In Sham Trial, Pussy Riot Found Guilty, Sentenced to Two Years

by: Blaine Skrainka

August 17, 2012

The three members of the group Pussy Riot, Yekaterina Samutsevich, Maria Alyokhina, and Nadezhda Tolokonnikova have been found guilty by a Russian court for “hooliganism motivated by religious hatred,” and sentenced to two years in prison.  The three women appeared outwardly upbeat and remained defiant after the verdict was read as the courtroom echoed with chatter and the barking of guard dogs.

By now, most of you know the basics. The Riot Grrrl-inspired Russian feminist punk band has already been imprisoned since March for their “punk prayer” at the altar of a Russian Orthodox Church, drawing international outrage and exposing the corruption of the faux-Democractic Russian State. 

Over the last five months, the story gained traction  in the media, and swelled in recent weeks as scores of Western pop artists publicly backed the cause.

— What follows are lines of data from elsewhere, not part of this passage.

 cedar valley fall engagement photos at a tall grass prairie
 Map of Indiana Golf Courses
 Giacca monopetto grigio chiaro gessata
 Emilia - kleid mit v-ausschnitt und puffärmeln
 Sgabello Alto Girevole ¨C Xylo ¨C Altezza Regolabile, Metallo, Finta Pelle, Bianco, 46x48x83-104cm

Amnesty International calls the women of Pussy Riot “Prisoners of Conscious,” and delivered 70,000 signed petitions from around the globe calling for their release earlier this week — only to be dumped on the sidewalk by Kremlin diplomats outside of the Russian Embassy in Washington D.C.

Pussy Riot in courtroom aquarium

The trial has been an absolute sham by all accounts. A verbally combative judge showed no interest in due process, as exampled by her declining to hear 14 of 17 defense witnesses. Over the last few weeks, the defendants have been made to sit in a glass case during the trial, with guard dogs patrolling the the room. Court sessions lasted 10-11 hours each. A guilty verdict was basically a foregone conclusion. According to the New York Times, the Moscow city court system had a conviction rate of 99.3 percent last year. The only decision today was a political one: how would Putin navigate balancing an image of modernization while maintaining his iron fist and not bending to Western pressure. He chose to lean on the latter.

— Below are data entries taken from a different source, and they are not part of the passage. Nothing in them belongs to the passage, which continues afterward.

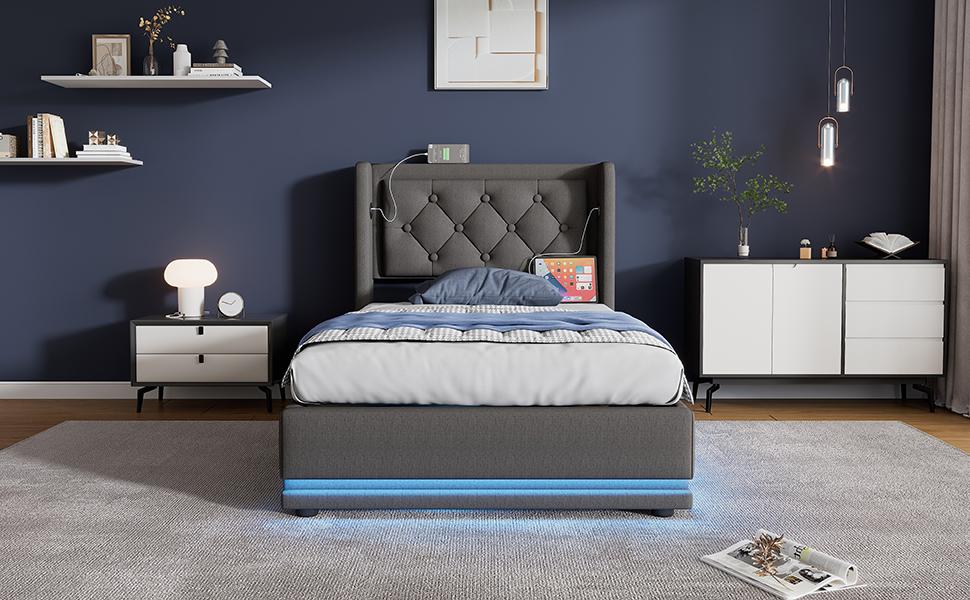 Upholstered single bed 90*200 cm, grey cotton hydraulic storage bed, headboard with USB Type-C charging, 3-sided LED (mattress not included)
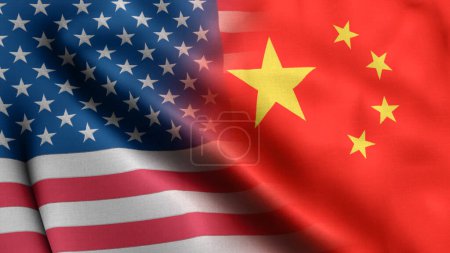 Téléchargez les photos : Drapeau de Chine américain Morph Arrière-plan dispose d'un drapeau ondulé qui se compose du drapeau américain morphé avec le drapeau chinois - en image libre de droit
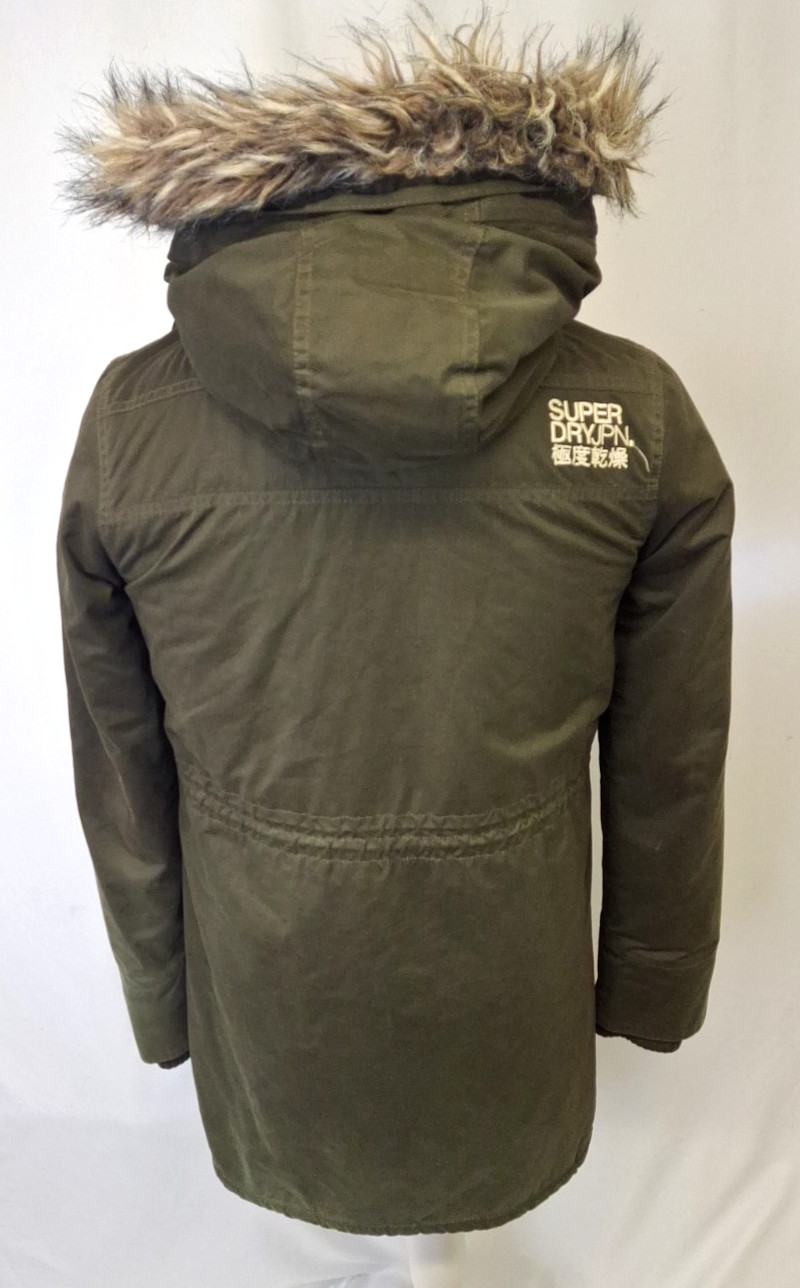 Superdry Microfibre Windcheater Parka Jacket Casual Designer Khaki Large A321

During closing statements last week, defendant Maria Alyokhina said:

“This trial is not only a malignant and grotesque mask, it is the “face” of the government’s dialogue with the people of our country.

Having spent almost a year in jail, I have come to understand that prison is just Russia in miniature.”

The trial and subsequent guilty verdict make clear the growing insidious relationship between the Kremlin and the Russian Orthodox Church. The pretense under which the sham trial was held was that Pussy Riot had offended the “true believers.” They had offended the patriarchs of the church (including this guy). No matter that there is no evidence to support this accusation. 

Nadezhda Tolokonnikova said:

“Passion, total honesty, and naïveté are superior to the hypocrisy, mendacity, and false modesty that are used to disguise crime. The so-called leading figures of our state stand in the Cathedral with righteous faces on, but, in their cunning, their sin is greater than our own.

I don’t want to label anyone. It seems to me that there are no winners, losers, victims, or defendants here. We all simply need to reach each other, connect, and establish a dialogue in order to seek out the truth together. Together, we can seek wisdom and be philosophers, instead of stigmatizing people and labeling them. That is the last thing a person should do.”

During the reading of the verdict Judge Marina Syrova said the Pussy Riot members “imitated demonic attacks.”

Yekaterina Samutsevich:

“Our sudden musical appearance in the Cathedral of Christ the Savior with the song ‘Mother of God, Drive Putin Out’ violated the integrity of the media image that the authorities had spent such a long time generating and maintaining, and revealed its falsity. In our performance we dared, without the Patriarch’s blessing, to unite the visual imagery of Orthodox culture with that of protest culture, thus suggesting that Orthodox culture belongs not only to the Russian Orthodox Church, the Patriarch, and Putin, but that it could also ally itself with civic rebellion and the spirit of protest in Russia.”

We often refer to the three individuals as one: Pussy Riot. We think of them as a balaclava-clad group of heroines fighting the Putin machine. This is all true, but it is important to humanize the trio at the same time as we lionize them. Nadezhda Tolokonnikova is just 22 years-old. She has a 4 year-old daughter and is a student of philosophy. Maria Alyokhina, also a mother, studies journalism and creative writing. Yekaterina Samutsevich, the eldest at a mere 30 years, is known especially for her LGBT advocacy. All three have a history of fighting for humanitarian and environmental justice through nonviolent direct action and protest art.

Maria Alyokhina:

“All you can deprive me of is “so-called” freedom. This is the only kind that exists in Russia. But nobody can take away my inner freedom. It lives in the word, it will go on living thanks to openness [glasnost], when this will be read and heard by thousands of people. This freedom goes on living with every person who is not indifferent, who hears us in this country. With everyone who found shards of the trial in themselves, like in previous times they found them in Franz Kafka and Guy Debord. I believe that I have honesty and openness, I thirst for the truth; and these things will make all of us just a little bit more free. We will see this yet.”

The world is watching, Russia. Free Pussy Riot.